### [The problem]
Output exactly the lines spanning from the line containing "Most Contemporary Estate" to the last line of the entries, inclusive.

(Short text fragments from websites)

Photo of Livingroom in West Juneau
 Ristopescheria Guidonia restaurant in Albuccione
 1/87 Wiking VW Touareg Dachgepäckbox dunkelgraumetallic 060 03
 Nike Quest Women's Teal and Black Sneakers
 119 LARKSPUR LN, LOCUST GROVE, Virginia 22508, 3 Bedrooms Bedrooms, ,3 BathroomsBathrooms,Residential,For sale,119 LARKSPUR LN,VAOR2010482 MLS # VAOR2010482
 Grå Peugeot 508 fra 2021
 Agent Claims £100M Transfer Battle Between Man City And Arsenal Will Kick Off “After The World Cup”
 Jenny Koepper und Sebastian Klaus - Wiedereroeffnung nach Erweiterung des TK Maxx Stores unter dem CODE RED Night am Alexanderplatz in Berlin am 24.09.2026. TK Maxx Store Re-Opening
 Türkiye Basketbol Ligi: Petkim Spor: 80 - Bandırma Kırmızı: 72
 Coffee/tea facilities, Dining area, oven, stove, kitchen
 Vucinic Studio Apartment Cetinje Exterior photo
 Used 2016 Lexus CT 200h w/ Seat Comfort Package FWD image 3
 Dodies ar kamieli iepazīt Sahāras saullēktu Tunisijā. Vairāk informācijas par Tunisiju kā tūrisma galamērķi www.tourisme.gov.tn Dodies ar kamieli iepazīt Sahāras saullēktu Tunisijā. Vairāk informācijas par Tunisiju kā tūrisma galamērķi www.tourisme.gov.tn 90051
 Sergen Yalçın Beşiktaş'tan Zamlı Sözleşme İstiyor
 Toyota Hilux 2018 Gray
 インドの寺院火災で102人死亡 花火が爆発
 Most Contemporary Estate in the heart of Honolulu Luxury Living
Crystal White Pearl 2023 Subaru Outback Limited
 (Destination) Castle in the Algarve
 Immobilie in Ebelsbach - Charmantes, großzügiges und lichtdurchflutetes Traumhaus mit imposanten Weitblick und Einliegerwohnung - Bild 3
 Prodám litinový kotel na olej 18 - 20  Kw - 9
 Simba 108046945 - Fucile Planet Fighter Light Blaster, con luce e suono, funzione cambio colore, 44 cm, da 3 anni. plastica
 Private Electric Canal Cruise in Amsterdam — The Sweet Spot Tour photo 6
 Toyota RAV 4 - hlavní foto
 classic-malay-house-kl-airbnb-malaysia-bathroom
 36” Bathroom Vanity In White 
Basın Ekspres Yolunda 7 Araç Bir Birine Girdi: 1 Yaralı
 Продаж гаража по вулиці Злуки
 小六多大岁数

### [Answer section]
 Most Contemporary Estate in the heart of Honolulu Luxury Living
Crystal White Pearl 2023 Subaru Outback Limited
 (Destination) Castle in the Algarve
 Immobilie in Ebelsbach - Charmantes, großzügiges und lichtdurchflutetes Traumhaus mit imposanten Weitblick und Einliegerwohnung - Bild 3
 Prodám litinový kotel na olej 18 - 20  Kw - 9
 Simba 108046945 - Fucile Planet Fighter Light Blaster, con luce e suono, funzione cambio colore, 44 cm, da 3 anni. plastica
 Private Electric Canal Cruise in Amsterdam — The Sweet Spot Tour photo 6
 Toyota RAV 4 - hlavní foto
 classic-malay-house-kl-airbnb-malaysia-bathroom
 36” Bathroom Vanity In White 
Basın Ekspres Yolunda 7 Araç Bir Birine Girdi: 1 Yaralı
 Продаж гаража по вулиці Злуки
 小六多大岁数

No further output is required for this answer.